At present, there is no way of automatically
controlling the print quality of banknotes, in that, to
take into account the numerous variables involved, the
deviation thresholds used to compare the banknote with a
specimen image would have to be so high that even
banknotes with serious errors in colouring would be
passed.
Automatic control systems do exist for validating,
discriminating between, or determining the deterioration
of banknotes already in circulation, but which provide
for examining only a very small portion of the note
(typically a narrow horizontal intermediate strip
through significant parts of the overall design). The
information supplied by such systems is therefore
insufficient for quality control purposes, in which case
the inking defects and smudges for detection are
normally localized.
It is an object of the present invention to
provide a reliable, automatic method and device for
controlling banknotes.
According to the present invention, there is
provided a method of controlling banknotes,
characterized by comprising the steps of acquiring an
image of a whole banknote, and comparing said acquired
image with a reference image of a whole specimen
banknote.
According to the present invention, there is also
provided a device for controlling banknotes,
characterized by comprising acquisition means for
acquiring an image of a whole banknote; and comparing
means for comparing said acquired image with a whole
reference image of a specimen banknote.
A non-limiting embodiment of the present invention
will be described by way of example with reference to
the accompanying drawings, in which:
Figure 1 shows an overall block diagram of a
device in accordance with the present invention; Figure 2 shows a flow chart of the method
according to the present invention; Figures 3 and 4 show block diagrams of details in
Figure 1; Figure 5 shows a plan view of a specimen banknote
indicating specific lines used in the method according
to the present invention.
Number 1 in Figure 1 indicates as a whole a device
for quality controlling banknotes 2 printed on a sheet
3.
More specifically, control device 1 comprises a
television camera 4 for picking up one banknote at a
time, and for generating and supplying a digitized
discrete grey-tone television signal to an image memory
5. Image memory 5 memorizes the image of banknote 2 in
the form of a matrix of dots (pixels), each of which is
assigned a value (also referred to hereinafter as a
shade value) related to the grey level (luminance) of
the pixel.
Image memory 5 is connected to an image processor
6 for performing a first processing operation of the
image of banknote 2, and for determining the coordinates
of the image with respect to a predetermined reference
system used later for comparison with a specimen
banknote. Image processor 6 is therefore connected to a
specimen memory 7, by which it is supplied with selected
portions of a specimen banknote, which are compared with
similar portions of the image to be repositioned. The
output of image processor 6 is connected to an edge
extractor 8, which receives the shifted image of the
banknote to be controlled, and processes the shifted
image to generate a processed image, the pixels of which
define the edges of the drawings and alphanumeric
characters on the banknote, and the portions of the
banknote having a brightness gradient with respect to
the adjacent portions.
Edge extractor 8 is connected to a local averaging
and comparing unit 9 for locally averaging the processed
image received from edge extractor 8, and for making a
local comparison with corresponding image portions of
the specimen banknote - also averaged - supplied by
specimen memory 7. Local averaging and comparing unit 9
also processes the local comparison results of all the
portions, and supplies, at an output 10, a signal S
accepting or rejecting the controlled banknote 2. A
control unit 11 is connected to units 5-9 to control the
operation sequence as well as any processing parameters.

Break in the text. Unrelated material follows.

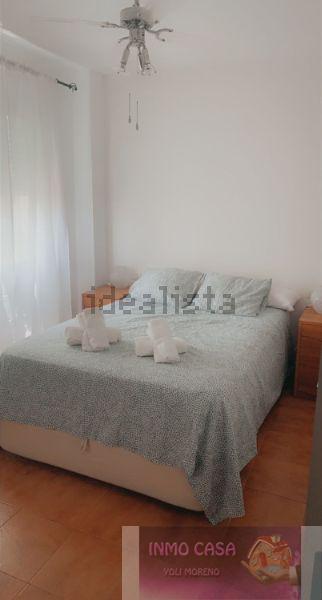 For rent of flat in Mijas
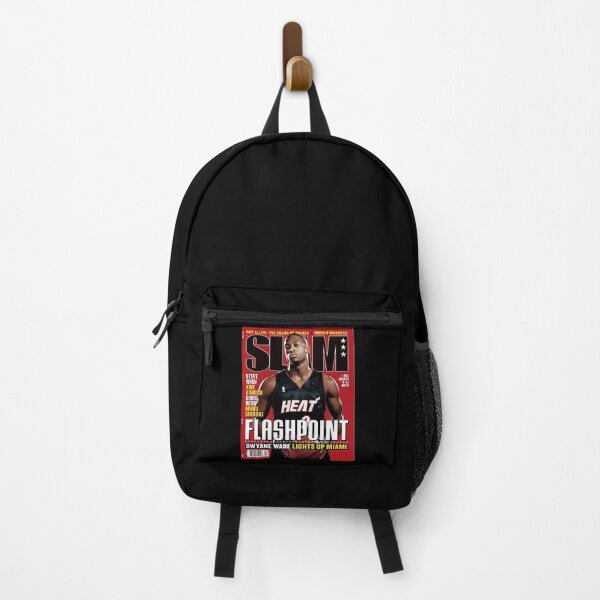 Item preview, Dwyane Wade Basket Slam designed and sold by JonahStapeley.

With reference to Figure 2, the control method
shown comprises a first step of acquiring and memorizing
the image of a whole banknote by means of camera 4 and
image memory 5 (block 12). From the acquired image
(block 13), image processor 6 selects a number of small
predetermined regions containing predetermined
significant characteristics of the banknote, taking into
account any position inaccuracy resulting from
displacement of the banknote with respect to the
theoretical position, and from the printing deviations
described previously. For example, the predetermined
regions may be such as to definitely contain the edge
portions defined by lines A and B in Figure 5.
The selected predetermined regions of the camera
image are processed to extract the significant
characteristics (lines A and B) of the banknote (block
14), for example, as described in detail later on with
reference to Figure 3 showing edge extraction by edge
extractor 8.
Image processor 6 then redefines the position of
the banknote with respect to the reference system of
device 1 (used for the specimen banknote) using the
position of the extracted significant characteristics
and the reference position of the same significant
characteristics on the specimen banknote (block 15). For
example, image processor 6 may determine, in known
manner, the horizontal and vertical deviation of the
extracted predetermined significant characteristics with
respect to the same significant characteristics on the
specimen banknote, and calculate correct coordinates of
the banknote on the basis of the deviation, or may use
known rotation-translation algorithms.
The repositioned image of the banknote is then
supplied to edge extractor 8, which processes the image
by filtering it through an edge detection convolution
filter (block 16), e.g. a 3x3 kernel filter as shown in
Figure 3 and described in detail later on.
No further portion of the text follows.